■ **Work instruction**
Everything in the entries below must be reproduced exactly, except the images.

■ **Data**
* * *
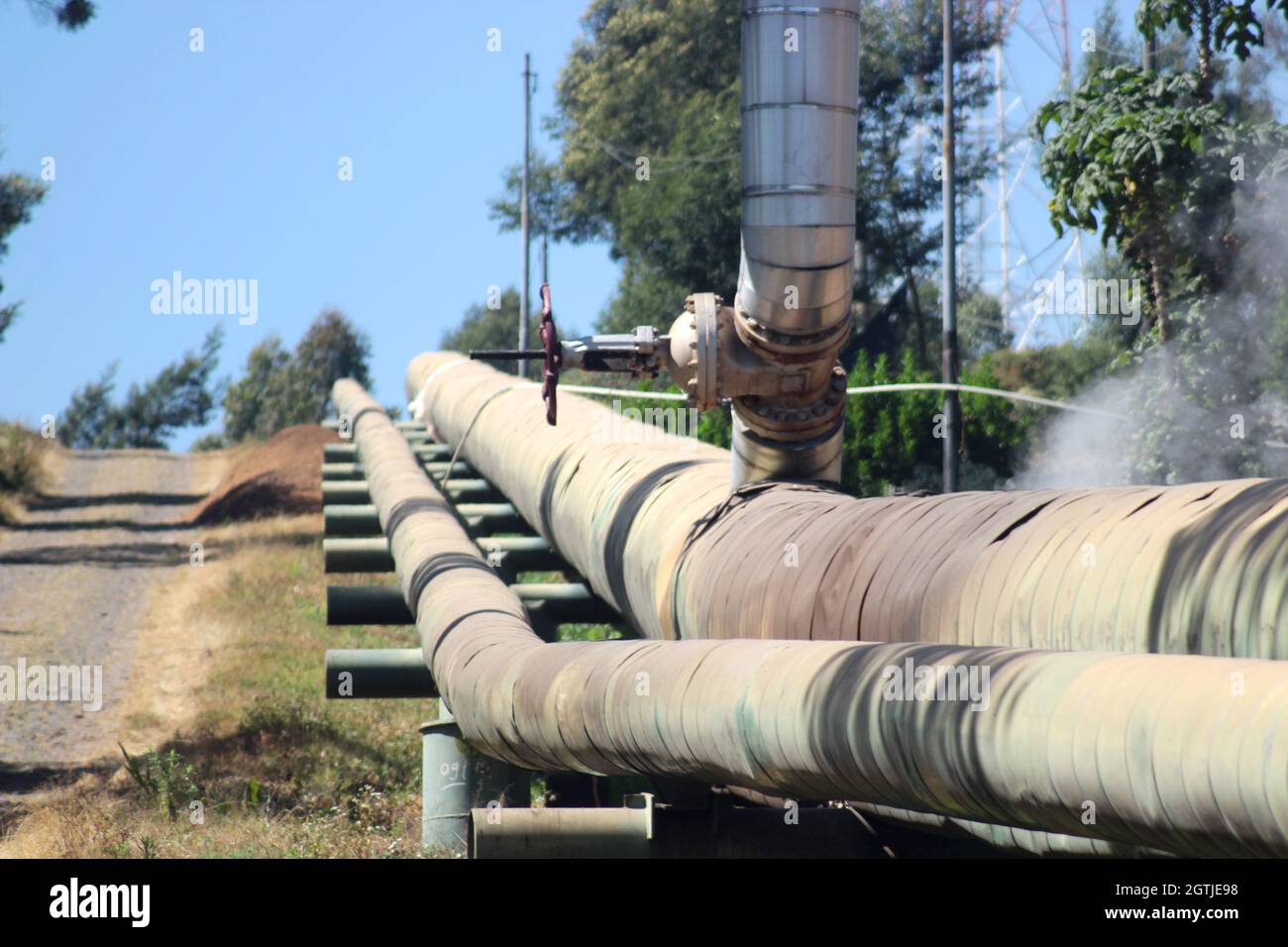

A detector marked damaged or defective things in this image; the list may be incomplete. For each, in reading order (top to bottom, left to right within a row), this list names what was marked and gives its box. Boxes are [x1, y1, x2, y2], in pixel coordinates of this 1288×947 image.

rusty pipe section [731, 0, 860, 484]
rusty pipe section [340, 378, 1288, 860]
rusty pipe section [406, 355, 1288, 659]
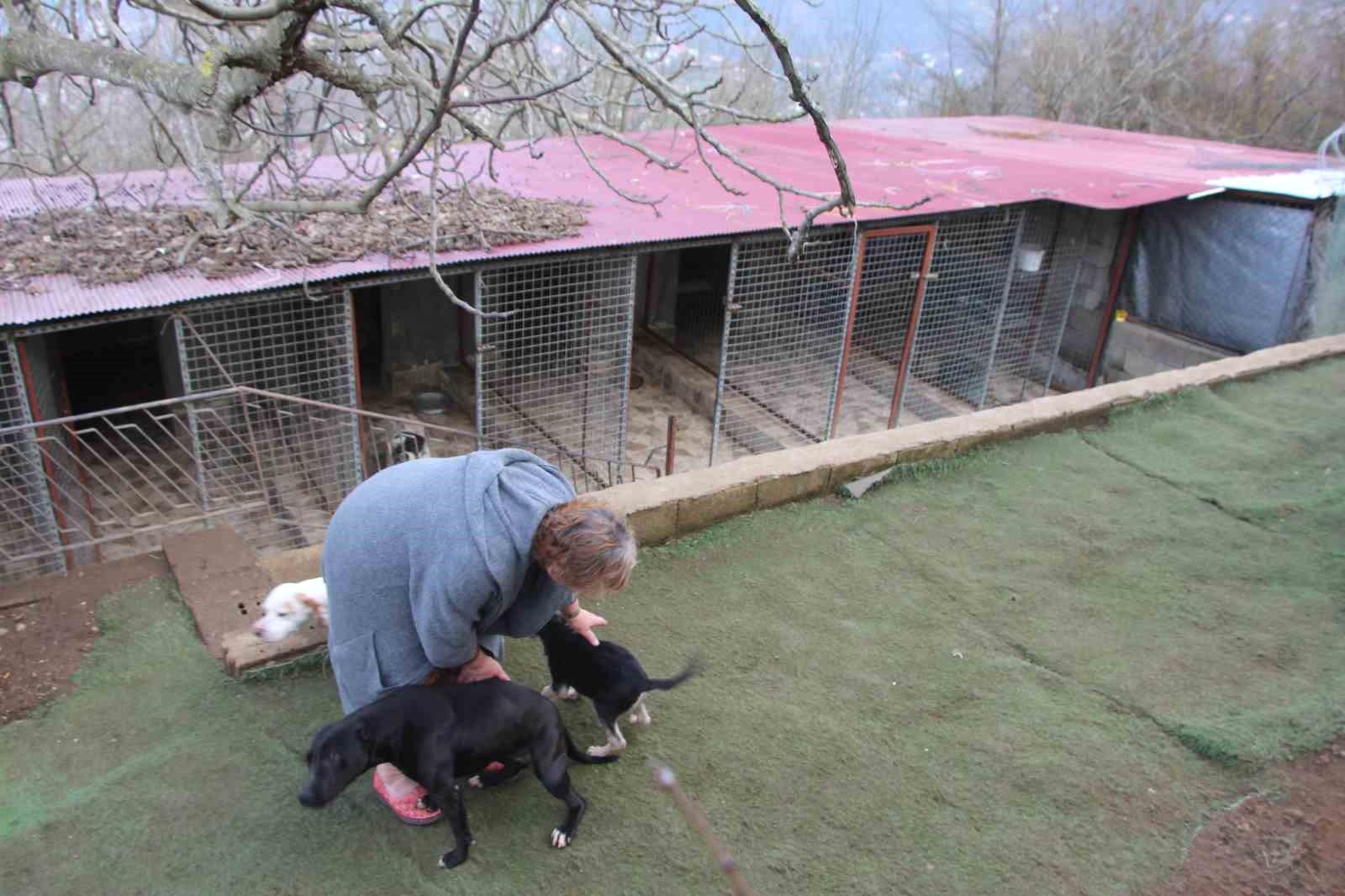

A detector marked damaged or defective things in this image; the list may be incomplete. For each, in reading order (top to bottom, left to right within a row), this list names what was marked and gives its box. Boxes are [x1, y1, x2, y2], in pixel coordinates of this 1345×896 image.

rusty corrugated roof [3, 115, 1332, 328]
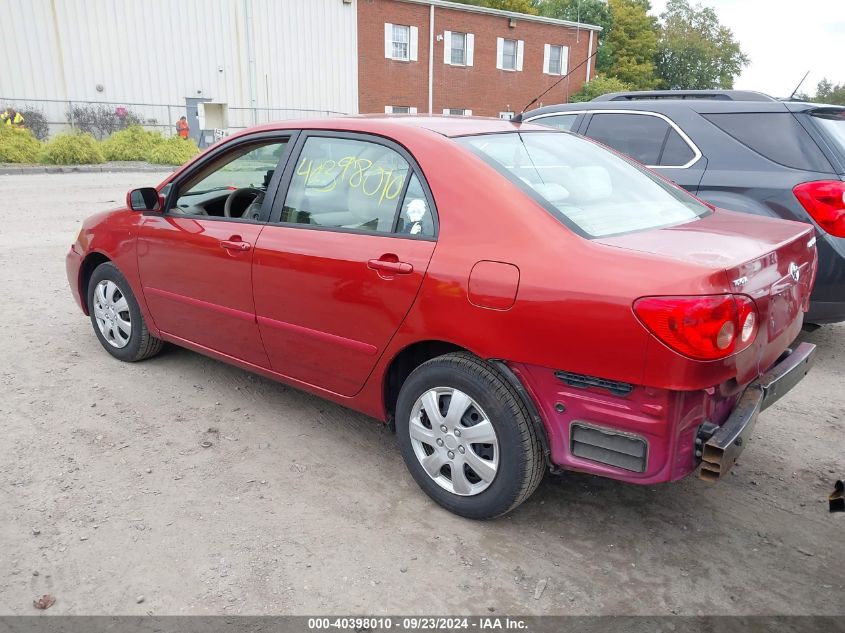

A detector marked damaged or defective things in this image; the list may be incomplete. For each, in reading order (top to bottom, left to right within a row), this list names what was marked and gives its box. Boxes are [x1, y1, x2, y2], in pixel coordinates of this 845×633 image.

damaged rear bumper [696, 344, 816, 482]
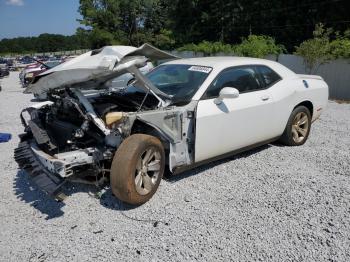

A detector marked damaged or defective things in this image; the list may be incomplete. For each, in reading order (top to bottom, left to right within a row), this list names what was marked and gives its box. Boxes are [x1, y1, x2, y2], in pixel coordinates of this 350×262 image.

crumpled hood [25, 43, 178, 98]
damaged white car [14, 44, 328, 205]
detached bumper [13, 141, 66, 201]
* * *
■ **Result for this exercise**
A detector marked damaged or defective things in this image; the list may be incomplete. For each, in reading order (top to bottom, left to right within a row), this list names what was marked and gives its box. Boxes are [x1, y1, x2, y2], in pixel coordinates of this 1288×947 image.

rusty pipe section [731, 0, 860, 484]
rusty pipe section [340, 378, 1288, 860]
rusty pipe section [406, 355, 1288, 659]

A detector marked damaged or defective things in this image; the list may be incomplete. For each, in reading order (top to bottom, left to right within a row), this list names what was marked and gives its box. Boxes are [x1, y1, x2, y2], in pixel coordinates of this 1345×896 image.

rusty corrugated roof [3, 115, 1332, 328]

A detector marked damaged or defective things in this image; the list may be incomplete. For each, in reading order (top to bottom, left to right within a row), this list names what was marked and gives its box. Boxes are [x1, y1, x2, y2], in pixel coordinates of this 845×633 image.

damaged rear bumper [696, 344, 816, 482]

A detector marked damaged or defective things in this image; the list may be incomplete. For each, in reading order (top to bottom, left to right within a row), this list names what was marked and gives its box. Boxes are [x1, y1, x2, y2], in pixel coordinates of this 350×262 image.

crumpled hood [25, 43, 178, 98]
damaged white car [14, 44, 328, 205]
detached bumper [13, 141, 66, 201]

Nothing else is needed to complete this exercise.